By borrowing out excess and spending it in ways which didn’t compete with the private sector for profits, he grew the economy, mostly through military spending.
This encapsulates the objection I have with your view, or expression, of our monetary system. We “must” rid our perception of the mechanics of borrowing in any segment of our monetary system if we hope to use the power the people have to determine their own futures as independent from the whims of the wealthy and banks. Spending is the opposite of “borrowing”, not dependent upon it. The government creates money when it spends and destroys that money when it taxes or borrows.
Borrowing is not a requirement for spending because the currency being “borrowed” only exists in the banking system when spending in deficit. Deficit spending “funds” borrowing and taxation, not the other way around as in our personal finances. The perception that the currency-issuing government must go, hat in hand, to the wealthy to beg for funding, or overburden the already meager reserves of the middle class, is at the root of the opposition to most beneficial programs.
People see them as zero-sum since any benefit realized comes at some price to those who may, or may not, be benefited. It is also much easier to garner support for safety nets that benefit the poor and automatically stabilize the economy if the middle-class worker doesn’t feel they are “paying for” them, raising questions about “deserving”

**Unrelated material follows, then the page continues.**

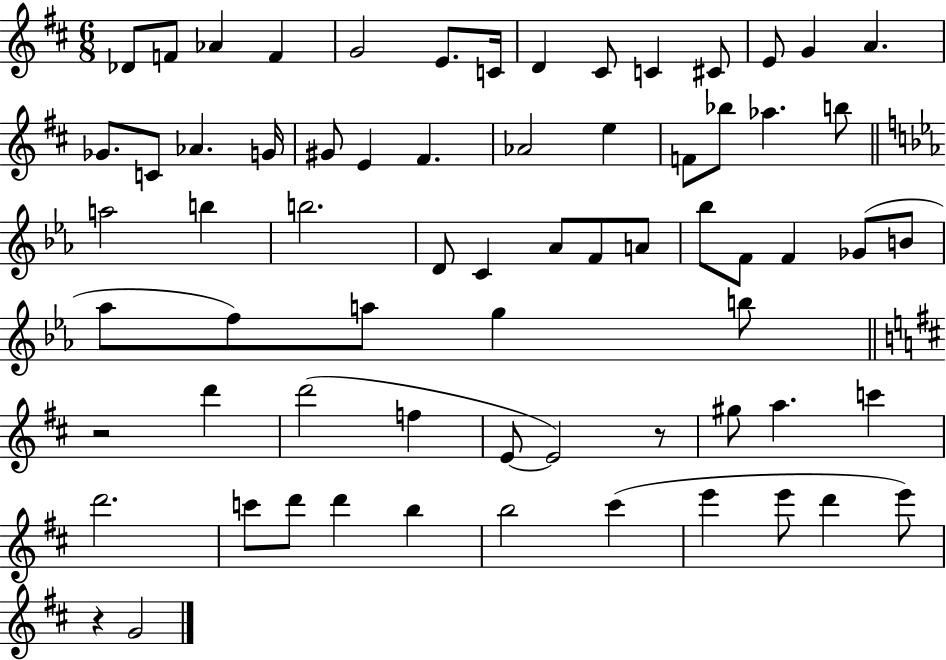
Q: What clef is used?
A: treble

Obviously we don’t try to store it, nor do we appreciate being deprived of it, by a system seemingly designed to siphon it out of the majority of the community, as debt, to back the savings of those well established within the system.
The context of money as debt simply confuses the majority of people who can’t divorce themselves from their own understanding of the word. The debt is only a tracking entity to account for money in the economy that isn’t balanced with the “real” debt banks create. This will be impossible to convey to anyone unless we can elect politicians that are honest and not afraid to use their position to educate. The concept of unlimited money available to the government even if it doesn’t collect or borrow a dime is just too far fetched for anyone to believe if it doesn’t gain some traction among politicians.
I’ve talked to bankers who acknowledge every aspect of the mechanics, but passionately deny the overall macro implication of those, and they deal with them every day. Belief and conditioning are too strong as influences to easily counter, which is why even politicians that do get it (Bernie, AOC, Tulsi, Warren) don’t make it part of their campaign.
The Achilles heel of democracy is democracy.